Figure 6.. PDF modulates EYA protein but not eya mRNA expression.

(A) eya mRNA daily oscillations in Pdf-null mutants (yw ; ; Pdf⁰¹ flies, red dots, RAIN p = 0.833) and in flies expressing a Pdf genomic rescue (yw ; Pdf{WT} ; Pdf⁰¹, white dots, RAIN p = 0.0078) in 12:12 LD cycles at 25°C. (B) Representative western blot and (C) quantification of EYA levels in whole-head lysates from Pdf null-mutant (red dots, RAIN p = 0.677) and in the genomic rescue (white dots, RAIN p = 0.039) at ZT0, 4, 8, 12, 16 and 20 in 12:12 LD 25°C cycles. (D) Representative western blot and (E) quantification of EYA levels from whole head lysates of yw (genetic control, white boxes), Pdf-null mutants (red boxes) and the genomic rescue (grey boxes) at ZT4 and ZT16 in 12:12 LD 25°C condition. (F) Representative western blot and (G) quantification of EYA levels in head lysates of flies where the PDF receptor was knocked down in eya+ cells (eya > Pdfr-RNAi, red boxes) and controls (eya / + and Pdfr-RNAi / +, white and grey boxes, respectively) at ZT4 and ZT16. (H) Representative western blot and (I) quantification of EYA levels in flies expressing a membrane-tethered version of PDF in eya+ cells (eya > t-PDF, red boxes) compared to a scrambled peptide as control (eya > t-SCR, white boxes) at ZT4 and ZT16. Data were analyzed using a two-way ANOVA followed by Tukey’s post hoc test in B and C, and šídák’s multiple comparison test in E, G and I. HSP70 was used for normalization in all cases. n > 3 biological replicates, each consisting of around 50 flies for each genotype.
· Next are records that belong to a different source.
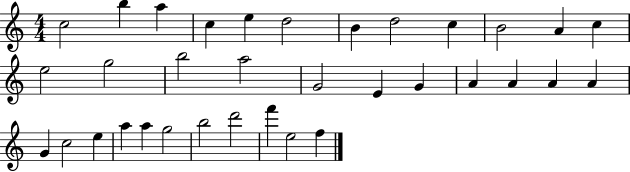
{
  \clef treble
  \numericTimeSignature
  \time 4/4
  \key c \major
  c''2 b''4 a''4 | c''4 e''4 d''2 | b'4 d''2 c''4 | b'2 a'4 c''4 | \break e''2 g''2 | b''2 a''2 | g'2 e'4 g'4 | a'4 a'4 a'4 a'4 | \break g'4 c''2 e''4 | a''4 a''4 g''2 | b''2 d'''2 | f'''4 e''2 f''4 | \break \bar "|."
}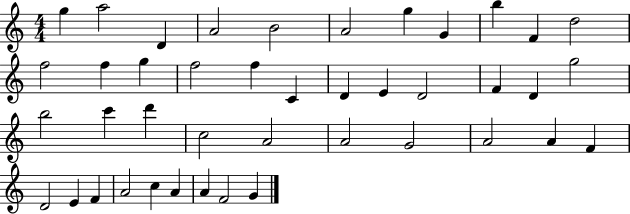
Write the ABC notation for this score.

X:1
T:Untitled
M:4/4
L:1/4
K:C
g a2 D A2 B2 A2 g G b F d2 f2 f g f2 f C D E D2 F D g2 b2 c' d' c2 A2 A2 G2 A2 A F D2 E F A2 c A A F2 G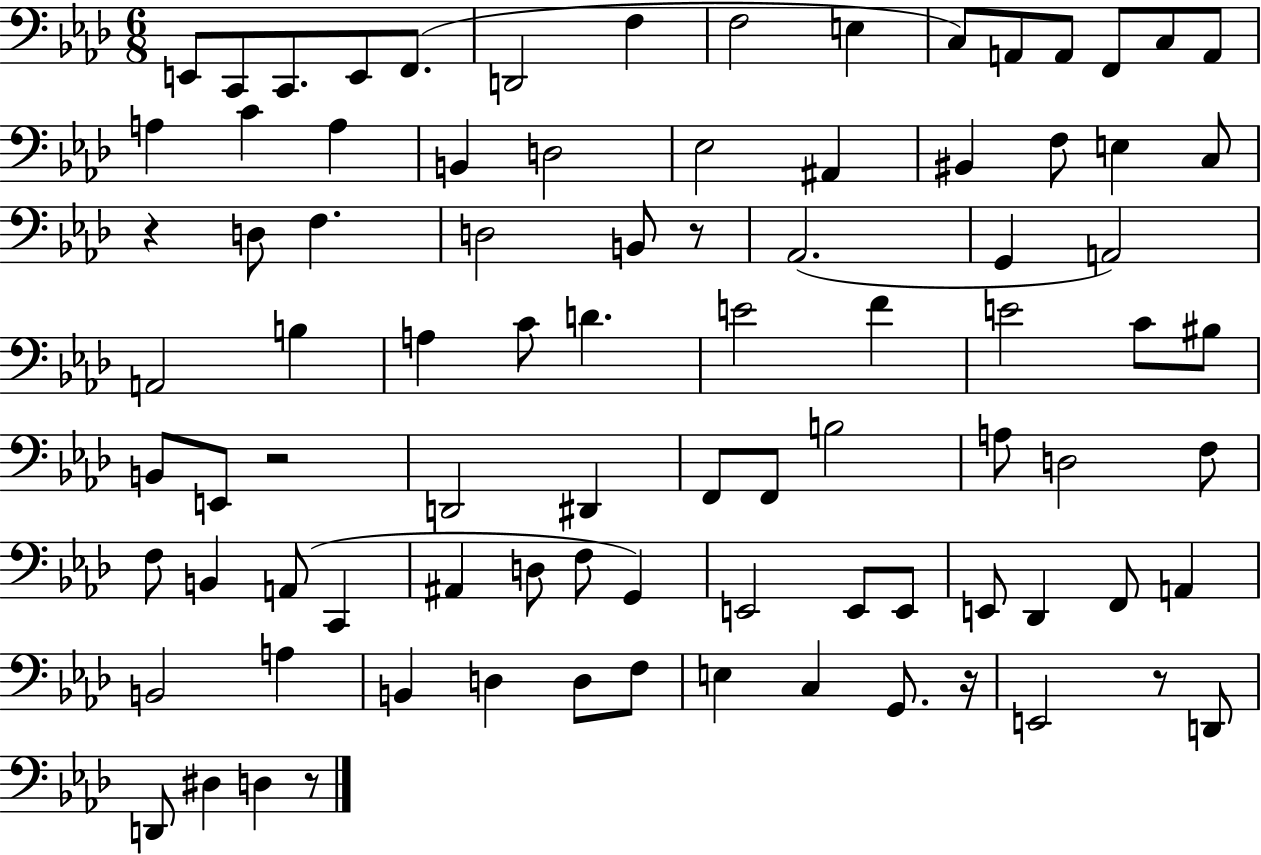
{
  \clef bass
  \numericTimeSignature
  \time 6/8
  \key aes \major
  e,8 c,8 c,8. e,8 f,8.( | d,2 f4 | f2 e4 | c8) a,8 a,8 f,8 c8 a,8 | \break a4 c'4 a4 | b,4 d2 | ees2 ais,4 | bis,4 f8 e4 c8 | \break r4 d8 f4. | d2 b,8 r8 | aes,2.( | g,4 a,2) | \break a,2 b4 | a4 c'8 d'4. | e'2 f'4 | e'2 c'8 bis8 | \break b,8 e,8 r2 | d,2 dis,4 | f,8 f,8 b2 | a8 d2 f8 | \break f8 b,4 a,8( c,4 | ais,4 d8 f8 g,4) | e,2 e,8 e,8 | e,8 des,4 f,8 a,4 | \break b,2 a4 | b,4 d4 d8 f8 | e4 c4 g,8. r16 | e,2 r8 d,8 | \break d,8 dis4 d4 r8 | \bar "|."
}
Figure 7.. PKA phosphorylates EYA and mediates its degradation

(A) PDF receptor triggers the activation of adenylate cyclase (AC) which produces cAMP. The binding of cAMP to the regulatory subunits of the protein kinase A (PKA-R) releases the catalytic subunits of the kinase (PKA-C) permitting their action. EYA has potential sites for PKA phosphorylation. (B) Drosophila S2 cells co-expressing EYA-FLAG and the active C1 domain of PKA tagged with V5 (PKA-C1-V5 + condition) or EYA alone. Samples were then subjected to phosphatase treatmet (+λPP) and compared to samples that were mock treated (−λPP). Immunoprecipitated EYA was detected using α-FLAG in the input. α-V5 and α-HSP70 were used to detect PKA-C1 and HSP70 (n>3, representative image is shown). (C) Representative western blot of a CHX chase assay in S2 cells co-expressing EYA-FLAG alone or with PKA-C1-V5. (D) Quantification showing the rates of EYA degradation in absence (black line) or presence (red line) of PKA-C1. Data analyzed with two-way ANOVA with Holm-šídák’s multiple comparison test. Each dot represents an independent experiment (n = 3, * p<0.05).